芭蕉の句


何の木の花とはしらず匂哉

出典は『笈の小文』

伊勢山田」と前書きがある。

 貞亨5年(1688年)2月4日、伊勢神宮外宮参拝の折、伊勢山田の益光亭八吟歌仙の発句。

貞亨五年

何の木の花とハしらす匂ひかな
   芭蕉

こゑに朝日をふくむ鶯
   益光

春ふかき柴の橋守雪はきて
   又玄

二葉のすみれ御幸待けり
   雪庵


伊勢神宮外宮


『蕉翁句集』(土芳編)は「元禄三午とし」とする。

西行の歌をふまえたもの。

   何の木の花とはしらず匂ひかな

 此句は本哥也。
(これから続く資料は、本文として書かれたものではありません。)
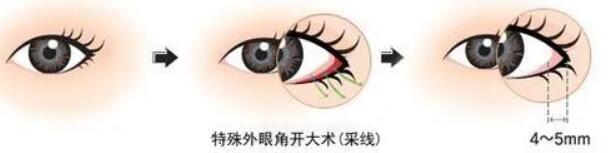 開外眼角動(dòng)漫04.jpg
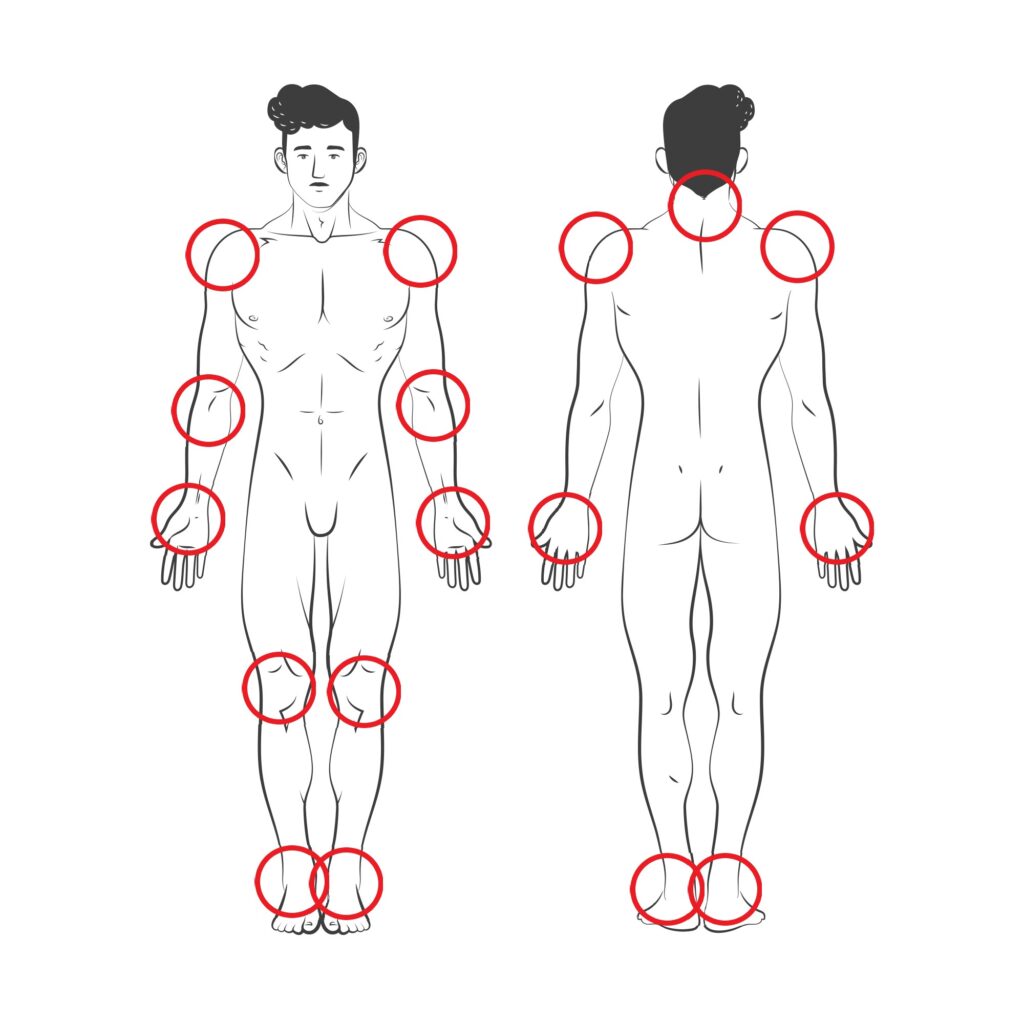 Obrazek przedstawia człowieka i punkty na nim w których najczęściej występuje RZS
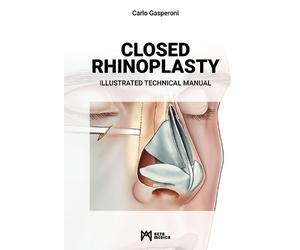 Carlo Gasperoni Closed Rhinoplasty (Copertina rigida)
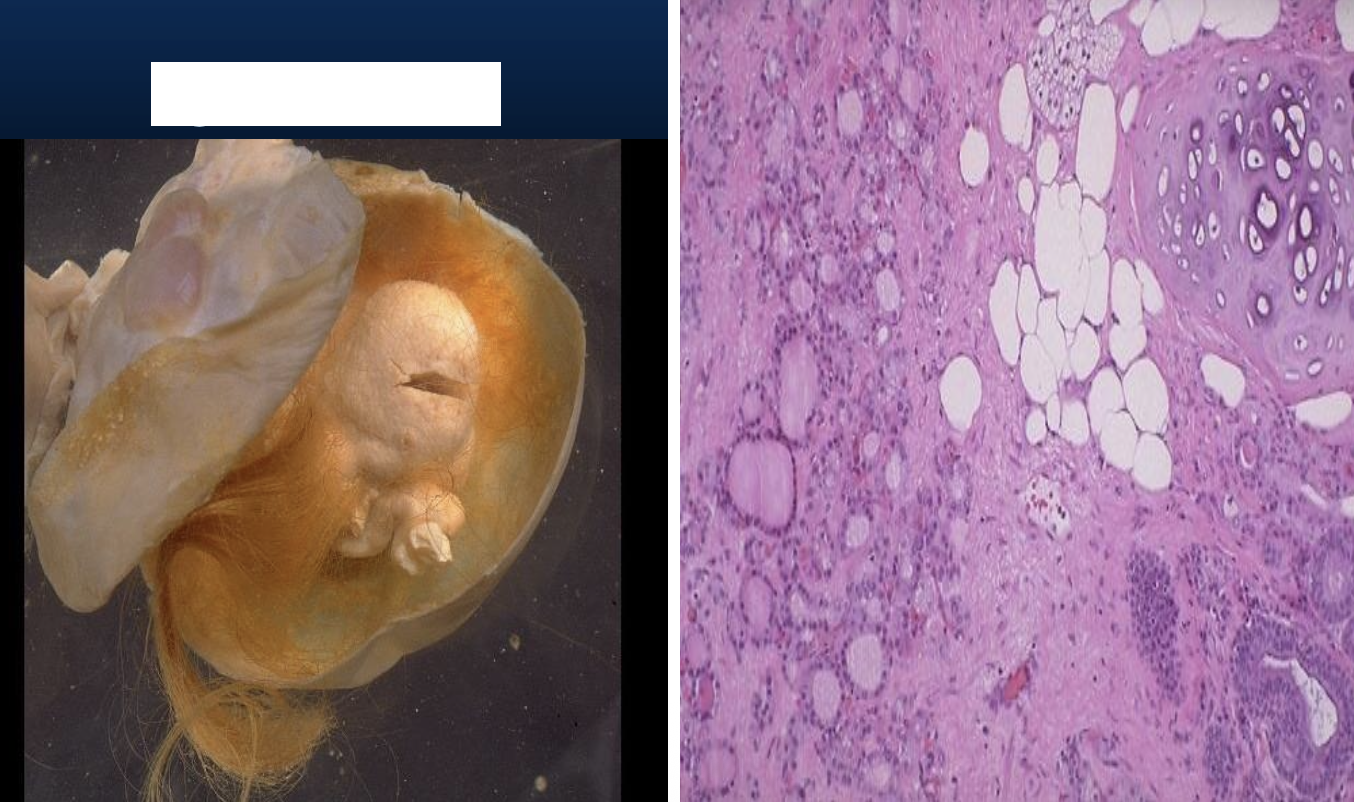 <p>Identify the <strong>organ</strong> and the <strong>diagnosis</strong> in this format: <em>diagnosis, organ</em></p>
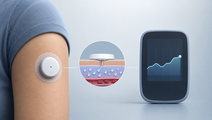 real time cgm lowers hba1c vs smbg in type 2 diabetes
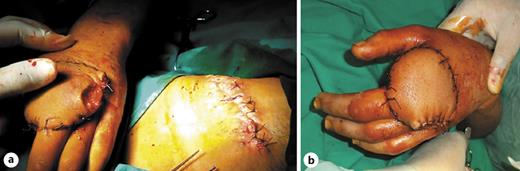 Fig. 4. a, b Division done on the 3rd week.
西行「何事のおはしますとはしらねどもかたじけなさの涙こぼるゝ」とあるを俤にして云出せる句なるべし。

『三冊子』(土芳著)

『山家集』には、ない。

   太神宮御祭日よめるとあり

何事のおはしますをば知らねどもかたじけなさの(に)なみだこぼるゝ

『異本山家集』

埼玉県熊谷市の民家

神奈川県伊勢原市の富岡八幡神社

長野県千曲市の伊勢社上田大神宮、松本市の四柱神社

三重県伊勢市の「祖霊社」

山口県山口市の長沢池に句碑がある。

熊谷市の句碑
   
富岡八幡神社の句碑

   


伊勢社の句碑
   
上田大神宮の句碑
   
四柱神社の句碑

   

   


「祖霊社」の句碑



『笈日記』(支考編)、『泊船集』(風国編)には「花ともし知らず」とある。

秋田県大館市の扇田神明社

福島県三春町の三春大神宮

山口県防府市の玉祖神社に句碑がある。